DATA TO USE:
=======
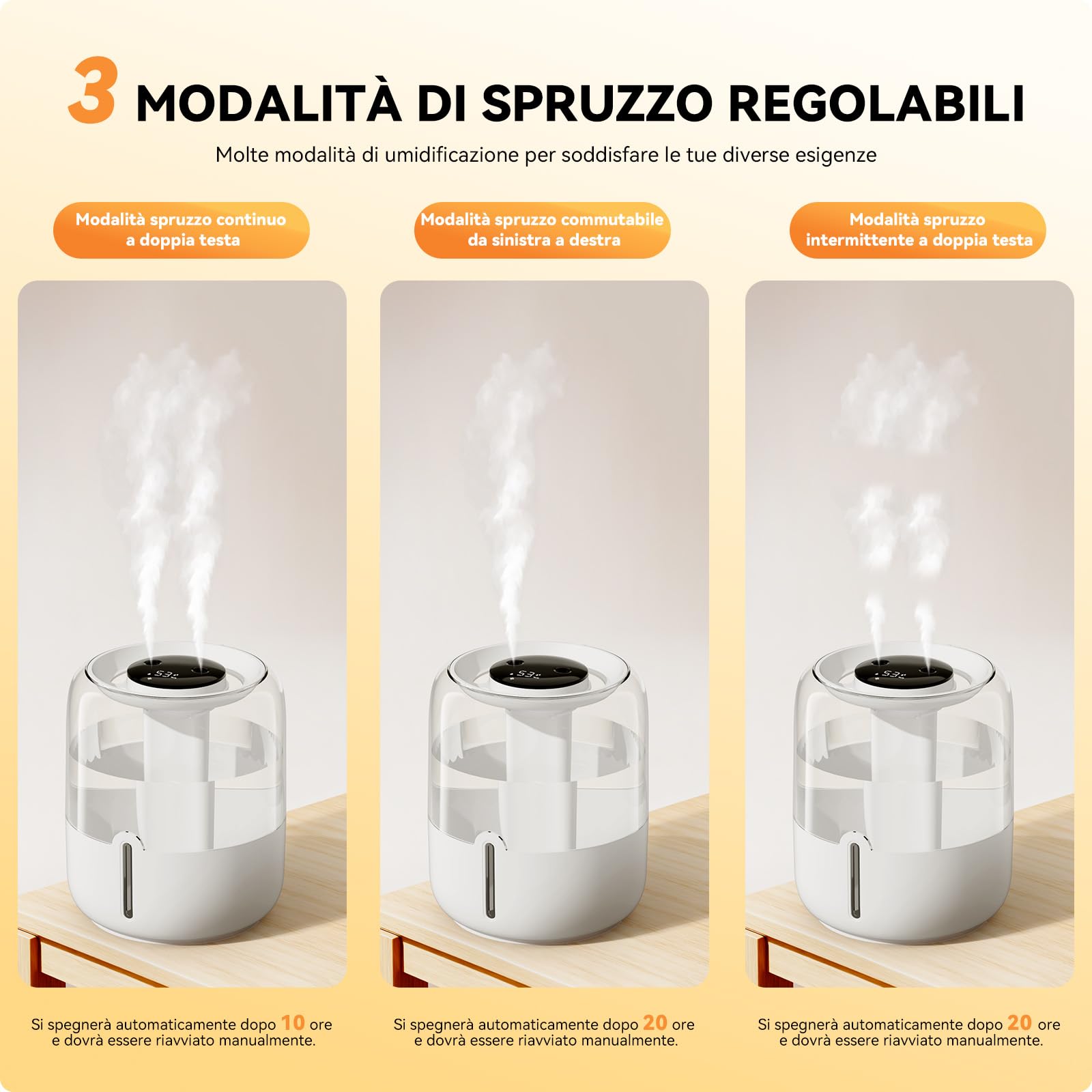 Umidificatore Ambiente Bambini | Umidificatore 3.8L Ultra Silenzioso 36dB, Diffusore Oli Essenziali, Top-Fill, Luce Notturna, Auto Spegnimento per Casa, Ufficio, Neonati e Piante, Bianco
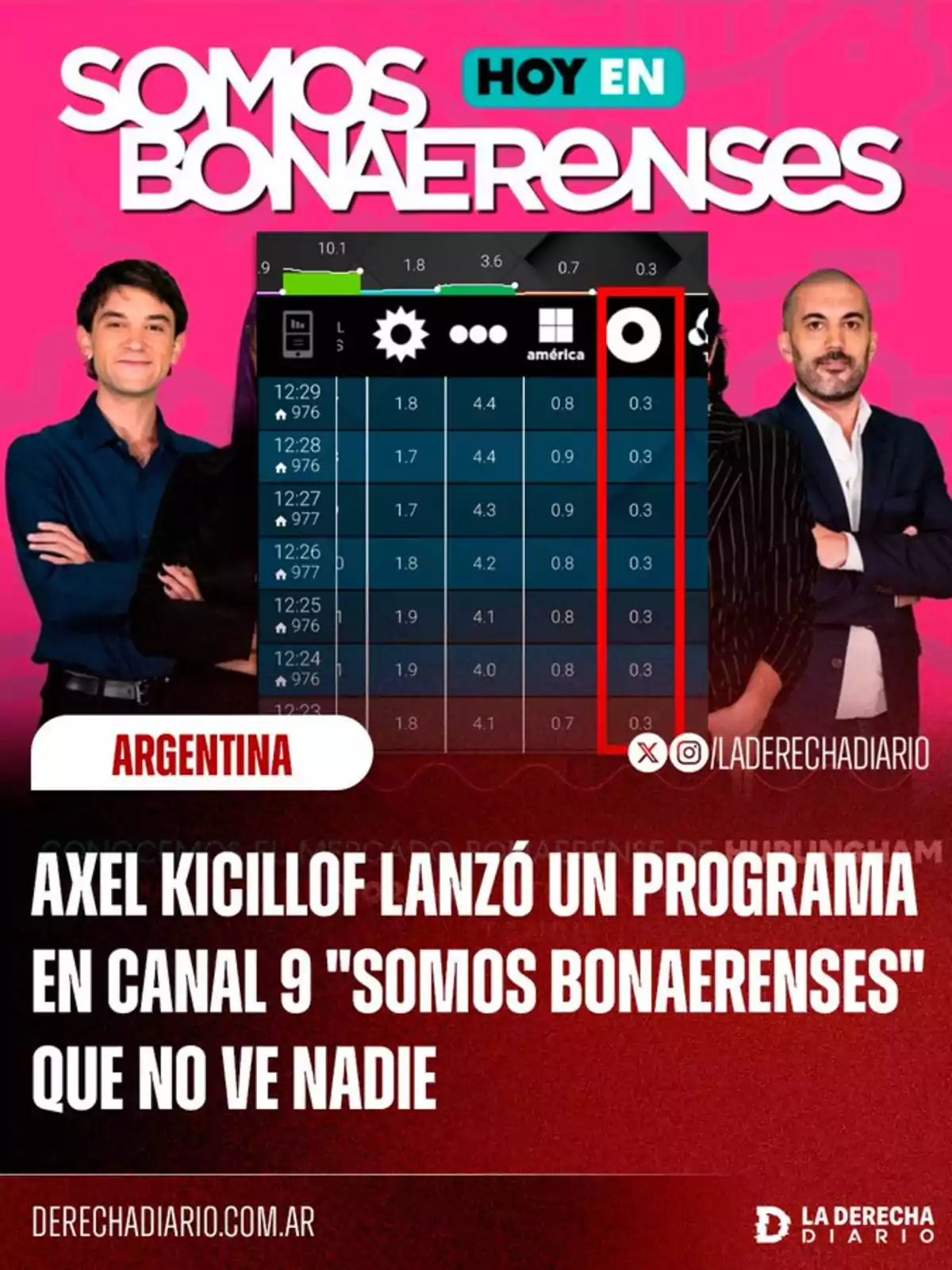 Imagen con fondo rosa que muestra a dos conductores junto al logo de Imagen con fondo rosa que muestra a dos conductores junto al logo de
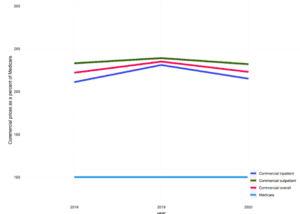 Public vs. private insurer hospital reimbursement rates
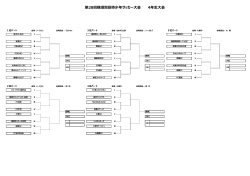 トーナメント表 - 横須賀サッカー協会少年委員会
=======
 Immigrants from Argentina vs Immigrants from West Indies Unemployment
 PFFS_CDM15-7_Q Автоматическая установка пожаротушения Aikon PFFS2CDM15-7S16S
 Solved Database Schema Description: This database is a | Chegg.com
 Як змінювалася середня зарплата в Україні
=======
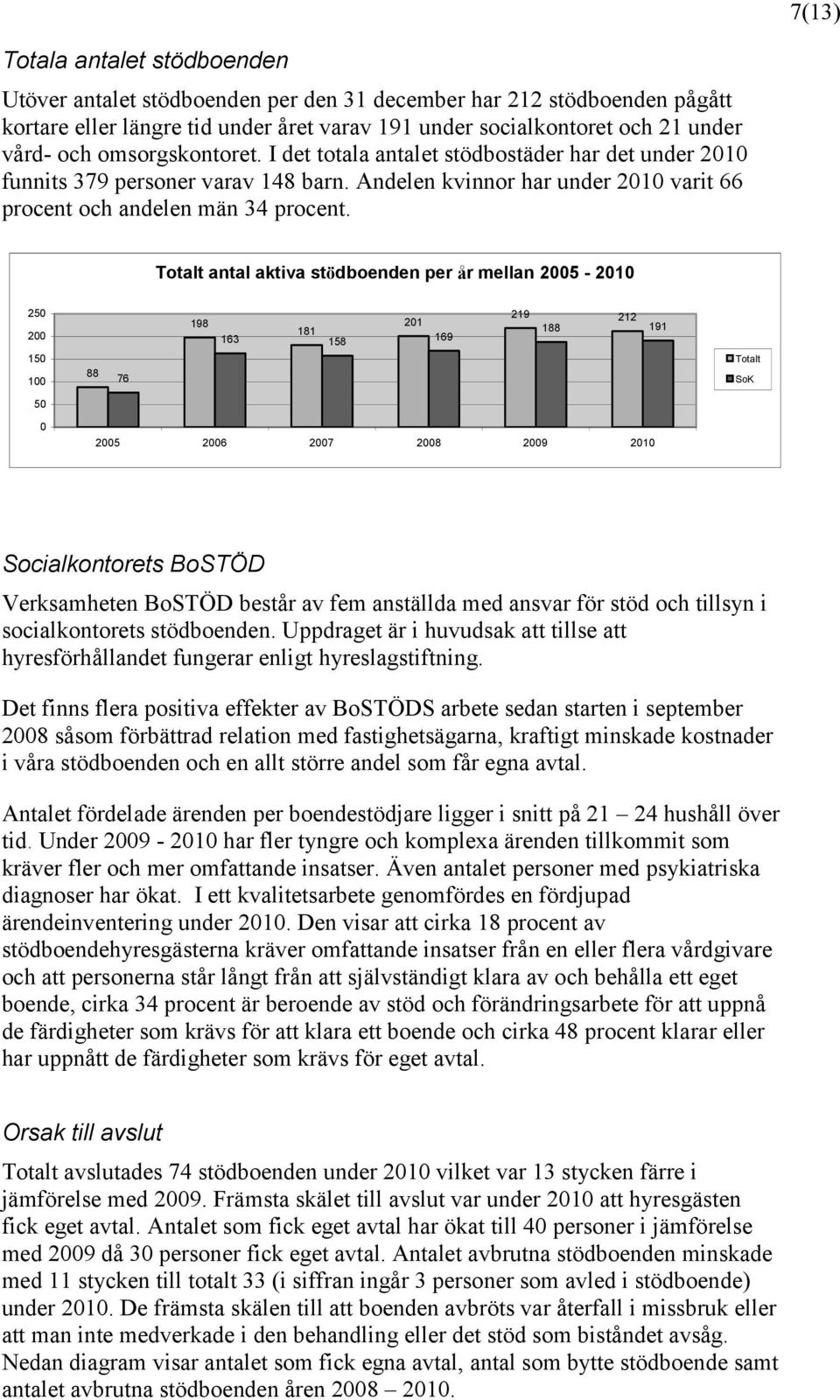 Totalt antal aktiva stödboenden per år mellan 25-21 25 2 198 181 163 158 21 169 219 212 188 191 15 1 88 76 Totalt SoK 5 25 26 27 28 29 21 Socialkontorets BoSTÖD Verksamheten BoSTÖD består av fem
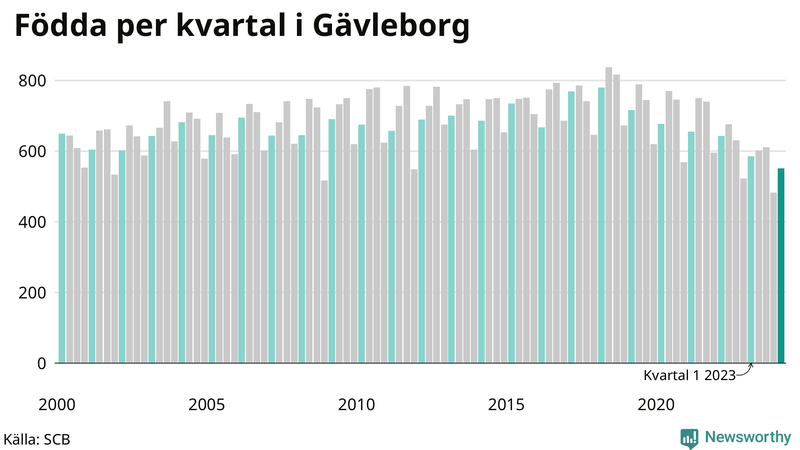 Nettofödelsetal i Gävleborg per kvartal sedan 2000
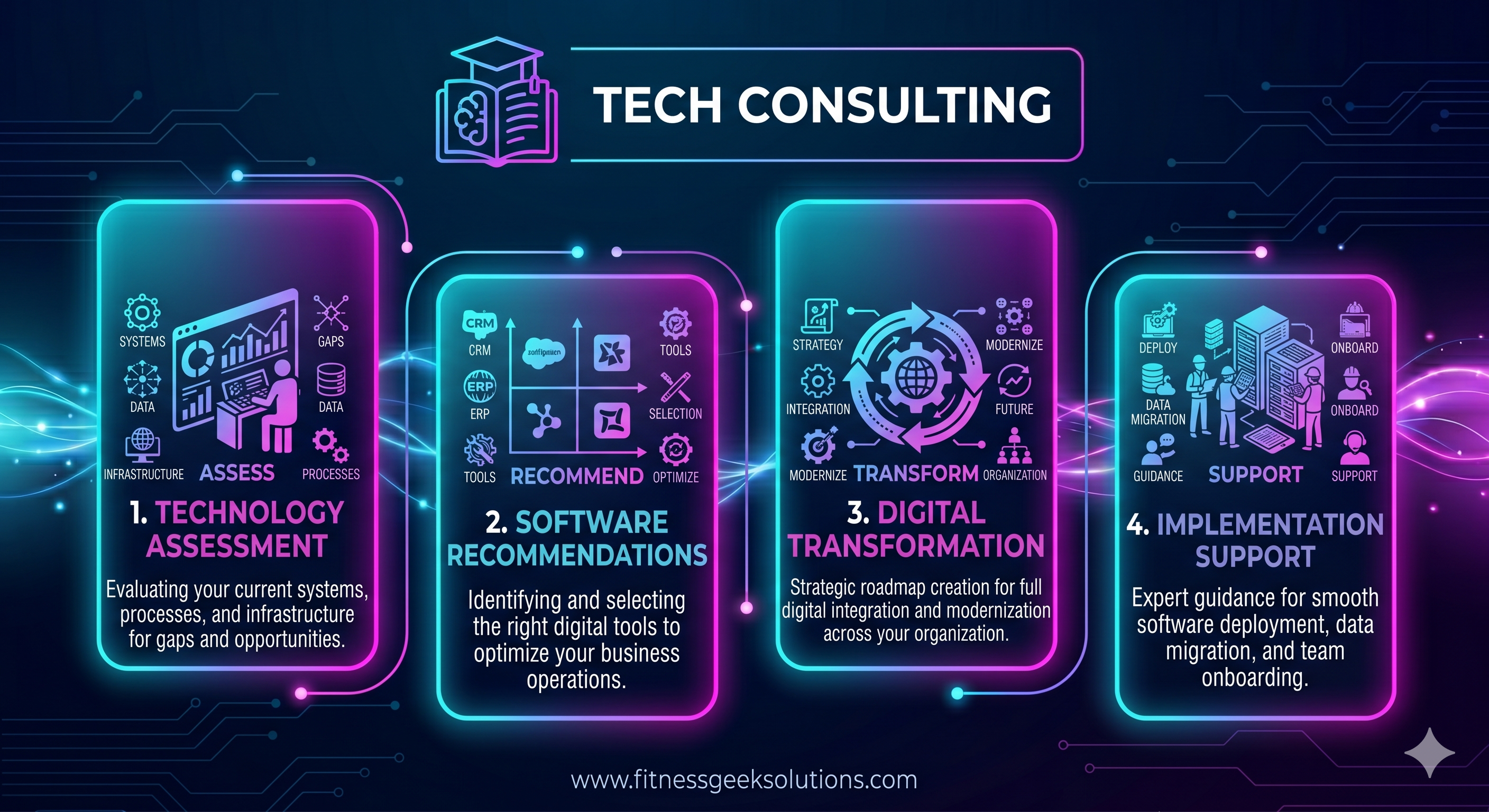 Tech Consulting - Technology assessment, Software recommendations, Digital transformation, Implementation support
=======
WORK INSTRUCTION: Starting with the line that has "Umidificatore Ambiente Bambini" and ending with the line that has "Public vs. private", repeat the lines above exactly, omitting every picture.

SOLUTION TO THIS TASK:
 Umidificatore Ambiente Bambini | Umidificatore 3.8L Ultra Silenzioso 36dB, Diffusore Oli Essenziali, Top-Fill, Luce Notturna, Auto Spegnimento per Casa, Ufficio, Neonati e Piante, Bianco
 Imagen con fondo rosa que muestra a dos conductores junto al logo de Imagen con fondo rosa que muestra a dos conductores junto al logo de
 Public vs. private insurer hospital reimbursement rates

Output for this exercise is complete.